WORK INSTRUCTION = Repeat the records below line by line, exactly, finishing on the line that contains "Tối Cường Phản Sáo Lộ Hệ Thống: Chapter 253".

Items from a data source:
=-=-=-=-=
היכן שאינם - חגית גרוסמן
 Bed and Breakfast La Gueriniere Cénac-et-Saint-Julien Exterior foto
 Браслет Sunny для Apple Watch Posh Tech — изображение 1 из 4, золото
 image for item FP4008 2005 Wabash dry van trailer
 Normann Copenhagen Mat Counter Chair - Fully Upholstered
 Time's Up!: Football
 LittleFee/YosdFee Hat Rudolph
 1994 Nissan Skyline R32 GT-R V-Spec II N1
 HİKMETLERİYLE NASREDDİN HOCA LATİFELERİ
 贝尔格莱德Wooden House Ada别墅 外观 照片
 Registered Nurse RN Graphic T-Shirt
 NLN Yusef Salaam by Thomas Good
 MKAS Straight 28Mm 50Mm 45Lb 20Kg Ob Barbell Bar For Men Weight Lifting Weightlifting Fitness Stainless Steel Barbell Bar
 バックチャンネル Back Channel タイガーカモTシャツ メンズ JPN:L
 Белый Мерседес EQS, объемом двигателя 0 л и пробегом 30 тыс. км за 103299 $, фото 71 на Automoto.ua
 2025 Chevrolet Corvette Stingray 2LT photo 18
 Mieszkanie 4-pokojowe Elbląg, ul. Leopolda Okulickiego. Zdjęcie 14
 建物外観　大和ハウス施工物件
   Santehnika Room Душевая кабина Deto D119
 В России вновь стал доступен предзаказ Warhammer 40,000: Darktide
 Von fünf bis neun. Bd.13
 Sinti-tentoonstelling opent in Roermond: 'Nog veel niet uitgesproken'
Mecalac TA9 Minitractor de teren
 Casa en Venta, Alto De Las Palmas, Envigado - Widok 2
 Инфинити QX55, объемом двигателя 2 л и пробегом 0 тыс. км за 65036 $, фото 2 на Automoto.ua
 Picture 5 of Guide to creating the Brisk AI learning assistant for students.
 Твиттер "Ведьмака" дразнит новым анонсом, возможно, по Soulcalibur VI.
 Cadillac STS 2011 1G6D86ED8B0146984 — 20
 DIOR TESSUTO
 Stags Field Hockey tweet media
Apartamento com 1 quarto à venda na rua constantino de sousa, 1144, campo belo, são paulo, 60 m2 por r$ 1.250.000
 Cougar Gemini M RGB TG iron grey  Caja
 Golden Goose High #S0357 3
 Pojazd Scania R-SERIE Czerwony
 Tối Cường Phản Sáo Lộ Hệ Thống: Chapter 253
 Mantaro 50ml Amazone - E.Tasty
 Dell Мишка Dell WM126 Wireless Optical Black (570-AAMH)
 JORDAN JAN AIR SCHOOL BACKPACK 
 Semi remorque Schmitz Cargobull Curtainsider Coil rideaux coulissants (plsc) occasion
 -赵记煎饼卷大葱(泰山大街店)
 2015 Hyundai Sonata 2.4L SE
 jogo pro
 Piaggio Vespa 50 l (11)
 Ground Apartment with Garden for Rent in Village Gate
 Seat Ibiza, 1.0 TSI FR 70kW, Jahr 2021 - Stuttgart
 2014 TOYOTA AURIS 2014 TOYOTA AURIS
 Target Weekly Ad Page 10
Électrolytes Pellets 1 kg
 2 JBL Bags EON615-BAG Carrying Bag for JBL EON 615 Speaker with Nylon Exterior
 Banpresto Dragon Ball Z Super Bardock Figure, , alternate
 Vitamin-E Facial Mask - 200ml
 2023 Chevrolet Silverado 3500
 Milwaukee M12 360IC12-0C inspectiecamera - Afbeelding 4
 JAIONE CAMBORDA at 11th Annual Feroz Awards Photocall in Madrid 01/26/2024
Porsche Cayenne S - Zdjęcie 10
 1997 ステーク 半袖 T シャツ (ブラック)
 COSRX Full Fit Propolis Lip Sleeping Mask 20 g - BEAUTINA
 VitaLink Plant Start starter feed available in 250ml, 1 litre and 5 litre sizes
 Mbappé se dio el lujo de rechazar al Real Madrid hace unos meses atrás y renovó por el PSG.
=-=-=-=-=
SOLUTION TO THIS PROBLEM =
היכן שאינם - חגית גרוסמן
 Bed and Breakfast La Gueriniere Cénac-et-Saint-Julien Exterior foto
 Браслет Sunny для Apple Watch Posh Tech — изображение 1 из 4, золото
 image for item FP4008 2005 Wabash dry van trailer
 Normann Copenhagen Mat Counter Chair - Fully Upholstered
 Time's Up!: Football
 LittleFee/YosdFee Hat Rudolph
 1994 Nissan Skyline R32 GT-R V-Spec II N1
 HİKMETLERİYLE NASREDDİN HOCA LATİFELERİ
 贝尔格莱德Wooden House Ada别墅 外观 照片
 Registered Nurse RN Graphic T-Shirt
 NLN Yusef Salaam by Thomas Good
 MKAS Straight 28Mm 50Mm 45Lb 20Kg Ob Barbell Bar For Men Weight Lifting Weightlifting Fitness Stainless Steel Barbell Bar
 バックチャンネル Back Channel タイガーカモTシャツ メンズ JPN:L
 Белый Мерседес EQS, объемом двигателя 0 л и пробегом 30 тыс. км за 103299 $, фото 71 на Automoto.ua
 2025 Chevrolet Corvette Stingray 2LT photo 18
 Mieszkanie 4-pokojowe Elbląg, ul. Leopolda Okulickiego. Zdjęcie 14
 建物外観　大和ハウス施工物件
   Santehnika Room Душевая кабина Deto D119
 В России вновь стал доступен предзаказ Warhammer 40,000: Darktide
 Von fünf bis neun. Bd.13
 Sinti-tentoonstelling opent in Roermond: 'Nog veel niet uitgesproken'
Mecalac TA9 Minitractor de teren
 Casa en Venta, Alto De Las Palmas, Envigado - Widok 2
 Инфинити QX55, объемом двигателя 2 л и пробегом 0 тыс. км за 65036 $, фото 2 на Automoto.ua
 Picture 5 of Guide to creating the Brisk AI learning assistant for students.
 Твиттер "Ведьмака" дразнит новым анонсом, возможно, по Soulcalibur VI.
 Cadillac STS 2011 1G6D86ED8B0146984 — 20
 DIOR TESSUTO
 Stags Field Hockey tweet media
Apartamento com 1 quarto à venda na rua constantino de sousa, 1144, campo belo, são paulo, 60 m2 por r$ 1.250.000
 Cougar Gemini M RGB TG iron grey  Caja
 Golden Goose High #S0357 3
 Pojazd Scania R-SERIE Czerwony
 Tối Cường Phản Sáo Lộ Hệ Thống: Chapter 253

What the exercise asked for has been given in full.